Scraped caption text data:

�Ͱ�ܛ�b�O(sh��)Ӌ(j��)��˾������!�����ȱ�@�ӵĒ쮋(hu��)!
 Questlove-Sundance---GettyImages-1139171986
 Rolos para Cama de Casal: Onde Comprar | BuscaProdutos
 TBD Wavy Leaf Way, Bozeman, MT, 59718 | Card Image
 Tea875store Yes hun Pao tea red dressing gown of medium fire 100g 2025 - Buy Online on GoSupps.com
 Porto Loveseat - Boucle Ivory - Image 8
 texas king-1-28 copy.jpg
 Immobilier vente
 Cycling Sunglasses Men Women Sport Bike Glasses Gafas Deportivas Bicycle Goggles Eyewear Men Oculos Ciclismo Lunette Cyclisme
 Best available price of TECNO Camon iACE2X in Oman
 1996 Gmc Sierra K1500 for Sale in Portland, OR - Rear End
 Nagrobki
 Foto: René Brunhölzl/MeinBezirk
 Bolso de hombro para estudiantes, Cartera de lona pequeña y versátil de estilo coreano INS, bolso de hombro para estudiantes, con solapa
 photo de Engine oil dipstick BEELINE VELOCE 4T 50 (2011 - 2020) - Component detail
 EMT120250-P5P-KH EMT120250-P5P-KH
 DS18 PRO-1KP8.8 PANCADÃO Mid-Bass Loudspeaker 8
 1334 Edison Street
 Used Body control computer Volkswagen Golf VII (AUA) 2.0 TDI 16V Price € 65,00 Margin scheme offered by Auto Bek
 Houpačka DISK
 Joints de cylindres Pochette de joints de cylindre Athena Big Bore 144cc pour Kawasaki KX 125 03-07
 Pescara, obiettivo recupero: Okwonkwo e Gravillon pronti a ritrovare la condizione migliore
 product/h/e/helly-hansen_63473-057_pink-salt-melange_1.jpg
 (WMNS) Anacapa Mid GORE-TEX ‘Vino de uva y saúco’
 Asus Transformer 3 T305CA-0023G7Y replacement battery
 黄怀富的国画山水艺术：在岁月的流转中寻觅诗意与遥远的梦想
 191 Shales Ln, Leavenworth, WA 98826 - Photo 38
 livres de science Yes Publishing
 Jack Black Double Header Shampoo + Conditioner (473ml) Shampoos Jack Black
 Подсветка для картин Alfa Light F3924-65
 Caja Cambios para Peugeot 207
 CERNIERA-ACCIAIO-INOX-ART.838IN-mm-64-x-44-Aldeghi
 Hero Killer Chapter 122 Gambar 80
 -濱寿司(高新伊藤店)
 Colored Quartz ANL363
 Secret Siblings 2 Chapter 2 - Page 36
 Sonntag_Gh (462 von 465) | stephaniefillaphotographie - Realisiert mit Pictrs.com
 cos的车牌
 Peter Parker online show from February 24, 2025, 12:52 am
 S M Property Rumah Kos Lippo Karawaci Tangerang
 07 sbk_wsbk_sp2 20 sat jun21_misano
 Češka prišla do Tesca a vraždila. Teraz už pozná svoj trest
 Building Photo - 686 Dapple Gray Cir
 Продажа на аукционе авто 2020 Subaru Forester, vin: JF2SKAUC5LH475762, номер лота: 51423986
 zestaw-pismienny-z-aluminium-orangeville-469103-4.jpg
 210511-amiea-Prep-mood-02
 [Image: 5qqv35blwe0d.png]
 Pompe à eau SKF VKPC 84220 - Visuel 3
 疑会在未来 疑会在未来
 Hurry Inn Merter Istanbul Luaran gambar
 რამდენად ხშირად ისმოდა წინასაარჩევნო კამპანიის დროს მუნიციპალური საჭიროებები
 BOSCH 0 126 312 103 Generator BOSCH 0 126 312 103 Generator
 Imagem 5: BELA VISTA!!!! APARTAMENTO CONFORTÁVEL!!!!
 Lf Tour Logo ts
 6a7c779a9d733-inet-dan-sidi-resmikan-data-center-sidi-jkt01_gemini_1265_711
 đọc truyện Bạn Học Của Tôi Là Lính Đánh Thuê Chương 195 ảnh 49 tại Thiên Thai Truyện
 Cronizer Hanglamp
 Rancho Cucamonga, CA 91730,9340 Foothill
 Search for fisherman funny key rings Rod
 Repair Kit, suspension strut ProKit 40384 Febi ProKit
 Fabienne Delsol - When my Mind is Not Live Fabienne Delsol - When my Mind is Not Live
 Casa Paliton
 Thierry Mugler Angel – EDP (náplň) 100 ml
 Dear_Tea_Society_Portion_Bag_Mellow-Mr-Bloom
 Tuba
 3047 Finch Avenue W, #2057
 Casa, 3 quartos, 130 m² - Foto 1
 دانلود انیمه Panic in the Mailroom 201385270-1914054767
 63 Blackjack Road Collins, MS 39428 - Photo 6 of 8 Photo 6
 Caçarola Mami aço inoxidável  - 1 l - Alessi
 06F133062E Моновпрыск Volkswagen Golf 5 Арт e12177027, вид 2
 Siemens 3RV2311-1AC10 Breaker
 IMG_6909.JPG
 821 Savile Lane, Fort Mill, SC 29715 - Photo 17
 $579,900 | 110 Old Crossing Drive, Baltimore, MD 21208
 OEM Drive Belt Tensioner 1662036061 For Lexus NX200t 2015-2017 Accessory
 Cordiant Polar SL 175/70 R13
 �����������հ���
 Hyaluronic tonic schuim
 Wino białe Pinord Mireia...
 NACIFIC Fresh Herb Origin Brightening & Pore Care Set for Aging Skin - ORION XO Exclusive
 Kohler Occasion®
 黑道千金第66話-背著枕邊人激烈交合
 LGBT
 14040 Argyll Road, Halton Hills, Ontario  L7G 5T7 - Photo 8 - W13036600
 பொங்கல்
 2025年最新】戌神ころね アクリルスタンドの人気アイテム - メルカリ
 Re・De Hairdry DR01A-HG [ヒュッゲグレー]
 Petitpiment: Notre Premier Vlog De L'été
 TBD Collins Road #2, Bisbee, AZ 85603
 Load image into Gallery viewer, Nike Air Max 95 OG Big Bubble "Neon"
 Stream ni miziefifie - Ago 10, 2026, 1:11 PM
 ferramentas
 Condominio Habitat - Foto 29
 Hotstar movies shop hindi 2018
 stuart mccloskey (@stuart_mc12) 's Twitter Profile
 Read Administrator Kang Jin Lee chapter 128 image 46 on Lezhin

● Required work:
What is needed is a word-for-word copy of the records.

● Your response:
�Ͱ�ܛ�b�O(sh��)Ӌ(j��)��˾������!�����ȱ�@�ӵĒ쮋(hu��)!
 Questlove-Sundance---GettyImages-1139171986
 Rolos para Cama de Casal: Onde Comprar | BuscaProdutos
 TBD Wavy Leaf Way, Bozeman, MT, 59718 | Card Image
 Tea875store Yes hun Pao tea red dressing gown of medium fire 100g 2025 - Buy Online on GoSupps.com
 Porto Loveseat - Boucle Ivory - Image 8
 texas king-1-28 copy.jpg
 Immobilier vente
 Cycling Sunglasses Men Women Sport Bike Glasses Gafas Deportivas Bicycle Goggles Eyewear Men Oculos Ciclismo Lunette Cyclisme
 Best available price of TECNO Camon iACE2X in Oman
 1996 Gmc Sierra K1500 for Sale in Portland, OR - Rear End
 Nagrobki
 Foto: René Brunhölzl/MeinBezirk
 Bolso de hombro para estudiantes, Cartera de lona pequeña y versátil de estilo coreano INS, bolso de hombro para estudiantes, con solapa
 photo de Engine oil dipstick BEELINE VELOCE 4T 50 (2011 - 2020) - Component detail
 EMT120250-P5P-KH EMT120250-P5P-KH
 DS18 PRO-1KP8.8 PANCADÃO Mid-Bass Loudspeaker 8
 1334 Edison Street
 Used Body control computer Volkswagen Golf VII (AUA) 2.0 TDI 16V Price € 65,00 Margin scheme offered by Auto Bek
 Houpačka DISK
 Joints de cylindres Pochette de joints de cylindre Athena Big Bore 144cc pour Kawasaki KX 125 03-07
 Pescara, obiettivo recupero: Okwonkwo e Gravillon pronti a ritrovare la condizione migliore
 product/h/e/helly-hansen_63473-057_pink-salt-melange_1.jpg
 (WMNS) Anacapa Mid GORE-TEX ‘Vino de uva y saúco’
 Asus Transformer 3 T305CA-0023G7Y replacement battery
 黄怀富的国画山水艺术：在岁月的流转中寻觅诗意与遥远的梦想
 191 Shales Ln, Leavenworth, WA 98826 - Photo 38
 livres de science Yes Publishing
 Jack Black Double Header Shampoo + Conditioner (473ml) Shampoos Jack Black
 Подсветка для картин Alfa Light F3924-65
 Caja Cambios para Peugeot 207
 CERNIERA-ACCIAIO-INOX-ART.838IN-mm-64-x-44-Aldeghi
 Hero Killer Chapter 122 Gambar 80
 -濱寿司(高新伊藤店)
 Colored Quartz ANL363
 Secret Siblings 2 Chapter 2 - Page 36
 Sonntag_Gh (462 von 465) | stephaniefillaphotographie - Realisiert mit Pictrs.com
 cos的车牌
 Peter Parker online show from February 24, 2025, 12:52 am
 S M Property Rumah Kos Lippo Karawaci Tangerang
 07 sbk_wsbk_sp2 20 sat jun21_misano
 Češka prišla do Tesca a vraždila. Teraz už pozná svoj trest
 Building Photo - 686 Dapple Gray Cir
 Продажа на аукционе авто 2020 Subaru Forester, vin: JF2SKAUC5LH475762, номер лота: 51423986
 zestaw-pismienny-z-aluminium-orangeville-469103-4.jpg
 210511-amiea-Prep-mood-02
 [Image: 5qqv35blwe0d.png]
 Pompe à eau SKF VKPC 84220 - Visuel 3
 疑会在未来 疑会在未来
 Hurry Inn Merter Istanbul Luaran gambar
 რამდენად ხშირად ისმოდა წინასაარჩევნო კამპანიის დროს მუნიციპალური საჭიროებები
 BOSCH 0 126 312 103 Generator BOSCH 0 126 312 103 Generator
 Imagem 5: BELA VISTA!!!! APARTAMENTO CONFORTÁVEL!!!!
 Lf Tour Logo ts
 6a7c779a9d733-inet-dan-sidi-resmikan-data-center-sidi-jkt01_gemini_1265_711
 đọc truyện Bạn Học Của Tôi Là Lính Đánh Thuê Chương 195 ảnh 49 tại Thiên Thai Truyện
 Cronizer Hanglamp
 Rancho Cucamonga, CA 91730,9340 Foothill
 Search for fisherman funny key rings Rod
 Repair Kit, suspension strut ProKit 40384 Febi ProKit
 Fabienne Delsol - When my Mind is Not Live Fabienne Delsol - When my Mind is Not Live
 Casa Paliton
 Thierry Mugler Angel – EDP (náplň) 100 ml
 Dear_Tea_Society_Portion_Bag_Mellow-Mr-Bloom
 Tuba
 3047 Finch Avenue W, #2057
 Casa, 3 quartos, 130 m² - Foto 1
 دانلود انیمه Panic in the Mailroom 201385270-1914054767
 63 Blackjack Road Collins, MS 39428 - Photo 6 of 8 Photo 6
 Caçarola Mami aço inoxidável  - 1 l - Alessi
 06F133062E Моновпрыск Volkswagen Golf 5 Арт e12177027, вид 2
 Siemens 3RV2311-1AC10 Breaker
 IMG_6909.JPG
 821 Savile Lane, Fort Mill, SC 29715 - Photo 17
 $579,900 | 110 Old Crossing Drive, Baltimore, MD 21208
 OEM Drive Belt Tensioner 1662036061 For Lexus NX200t 2015-2017 Accessory
 Cordiant Polar SL 175/70 R13
 �����������հ���
 Hyaluronic tonic schuim
 Wino białe Pinord Mireia...
 NACIFIC Fresh Herb Origin Brightening & Pore Care Set for Aging Skin - ORION XO Exclusive
 Kohler Occasion®
 黑道千金第66話-背著枕邊人激烈交合
 LGBT
 14040 Argyll Road, Halton Hills, Ontario  L7G 5T7 - Photo 8 - W13036600
 பொங்கல்
 2025年最新】戌神ころね アクリルスタンドの人気アイテム - メルカリ
 Re・De Hairdry DR01A-HG [ヒュッゲグレー]
 Petitpiment: Notre Premier Vlog De L'été
 TBD Collins Road #2, Bisbee, AZ 85603
 Load image into Gallery viewer, Nike Air Max 95 OG Big Bubble "Neon"
 Stream ni miziefifie - Ago 10, 2026, 1:11 PM
 ferramentas
 Condominio Habitat - Foto 29
 Hotstar movies shop hindi 2018
 stuart mccloskey (@stuart_mc12) 's Twitter Profile
 Read Administrator Kang Jin Lee chapter 128 image 46 on Lezhin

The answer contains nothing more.